→ **WHAT THE EXERCISE ASKS**
Copy word for word the lines from the start of the records through the line that contains "Dianas Punch Bowl Nevada US Topo Map Image", both included.

==================================================

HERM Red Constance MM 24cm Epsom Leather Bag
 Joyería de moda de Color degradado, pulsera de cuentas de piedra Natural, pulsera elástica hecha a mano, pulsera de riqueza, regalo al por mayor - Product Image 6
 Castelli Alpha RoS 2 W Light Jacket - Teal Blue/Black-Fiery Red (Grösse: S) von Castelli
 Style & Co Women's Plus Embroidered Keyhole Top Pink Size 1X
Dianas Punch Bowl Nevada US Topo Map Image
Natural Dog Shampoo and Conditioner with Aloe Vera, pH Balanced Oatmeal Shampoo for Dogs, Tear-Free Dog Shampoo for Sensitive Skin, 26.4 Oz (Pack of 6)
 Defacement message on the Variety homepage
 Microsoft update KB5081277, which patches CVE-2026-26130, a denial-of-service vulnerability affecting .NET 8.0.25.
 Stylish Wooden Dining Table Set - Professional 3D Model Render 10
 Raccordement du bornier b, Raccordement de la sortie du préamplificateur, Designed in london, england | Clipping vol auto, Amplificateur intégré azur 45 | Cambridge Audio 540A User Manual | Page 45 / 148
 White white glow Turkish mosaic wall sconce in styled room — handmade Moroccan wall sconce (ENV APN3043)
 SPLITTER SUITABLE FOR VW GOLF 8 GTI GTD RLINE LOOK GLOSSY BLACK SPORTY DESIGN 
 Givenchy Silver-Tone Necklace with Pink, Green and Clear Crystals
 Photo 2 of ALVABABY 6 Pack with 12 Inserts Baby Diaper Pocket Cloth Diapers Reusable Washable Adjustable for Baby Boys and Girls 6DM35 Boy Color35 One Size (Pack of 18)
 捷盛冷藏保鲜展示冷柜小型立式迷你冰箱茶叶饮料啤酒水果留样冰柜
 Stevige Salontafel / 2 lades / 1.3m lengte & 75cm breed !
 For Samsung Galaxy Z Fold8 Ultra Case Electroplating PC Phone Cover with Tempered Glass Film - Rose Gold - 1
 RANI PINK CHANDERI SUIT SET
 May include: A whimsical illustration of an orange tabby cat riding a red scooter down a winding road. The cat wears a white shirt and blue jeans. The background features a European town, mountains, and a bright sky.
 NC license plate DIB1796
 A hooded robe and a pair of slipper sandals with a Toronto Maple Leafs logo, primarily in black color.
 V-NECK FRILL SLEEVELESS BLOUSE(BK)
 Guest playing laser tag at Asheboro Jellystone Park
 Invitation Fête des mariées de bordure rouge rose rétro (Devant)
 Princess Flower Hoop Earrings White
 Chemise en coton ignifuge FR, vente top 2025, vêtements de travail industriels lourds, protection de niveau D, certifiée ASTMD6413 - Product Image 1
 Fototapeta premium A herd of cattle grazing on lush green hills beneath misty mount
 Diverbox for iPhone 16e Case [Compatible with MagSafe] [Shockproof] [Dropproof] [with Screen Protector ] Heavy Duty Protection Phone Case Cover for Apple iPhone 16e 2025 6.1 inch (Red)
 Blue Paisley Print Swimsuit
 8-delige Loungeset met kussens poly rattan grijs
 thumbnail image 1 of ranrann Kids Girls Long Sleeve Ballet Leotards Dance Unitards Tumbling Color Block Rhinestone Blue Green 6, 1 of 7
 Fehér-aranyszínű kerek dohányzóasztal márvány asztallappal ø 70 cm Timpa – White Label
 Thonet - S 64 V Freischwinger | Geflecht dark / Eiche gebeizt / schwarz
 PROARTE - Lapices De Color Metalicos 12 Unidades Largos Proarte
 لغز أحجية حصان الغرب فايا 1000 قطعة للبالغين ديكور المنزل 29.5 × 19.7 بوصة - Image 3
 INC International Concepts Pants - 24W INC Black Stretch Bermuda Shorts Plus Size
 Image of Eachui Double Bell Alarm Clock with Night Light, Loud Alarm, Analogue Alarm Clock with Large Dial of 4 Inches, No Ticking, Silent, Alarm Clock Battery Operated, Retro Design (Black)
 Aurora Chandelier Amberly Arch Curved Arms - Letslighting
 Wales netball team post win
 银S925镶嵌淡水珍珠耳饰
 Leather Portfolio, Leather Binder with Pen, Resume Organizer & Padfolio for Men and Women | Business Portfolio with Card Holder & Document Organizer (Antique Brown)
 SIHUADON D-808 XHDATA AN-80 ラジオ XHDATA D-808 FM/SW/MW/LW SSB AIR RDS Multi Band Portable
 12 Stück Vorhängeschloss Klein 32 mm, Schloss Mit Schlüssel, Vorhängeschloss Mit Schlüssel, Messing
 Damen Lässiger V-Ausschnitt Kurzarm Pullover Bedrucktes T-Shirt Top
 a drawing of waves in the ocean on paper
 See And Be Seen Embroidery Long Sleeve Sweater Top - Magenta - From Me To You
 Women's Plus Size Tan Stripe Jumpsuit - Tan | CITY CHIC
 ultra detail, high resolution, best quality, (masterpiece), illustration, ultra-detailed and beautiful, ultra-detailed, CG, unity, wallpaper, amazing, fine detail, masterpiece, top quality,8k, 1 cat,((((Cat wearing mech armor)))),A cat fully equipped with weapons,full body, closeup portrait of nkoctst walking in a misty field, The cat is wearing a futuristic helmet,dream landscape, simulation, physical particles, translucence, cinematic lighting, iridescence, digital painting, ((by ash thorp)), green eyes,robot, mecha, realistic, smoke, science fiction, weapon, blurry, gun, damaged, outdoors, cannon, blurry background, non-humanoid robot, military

==================================================

→ **RESULT FOR THIS EXERCISE**
HERM Red Constance MM 24cm Epsom Leather Bag
 Joyería de moda de Color degradado, pulsera de cuentas de piedra Natural, pulsera elástica hecha a mano, pulsera de riqueza, regalo al por mayor - Product Image 6
 Castelli Alpha RoS 2 W Light Jacket - Teal Blue/Black-Fiery Red (Grösse: S) von Castelli
 Style & Co Women's Plus Embroidered Keyhole Top Pink Size 1X
Dianas Punch Bowl Nevada US Topo Map Image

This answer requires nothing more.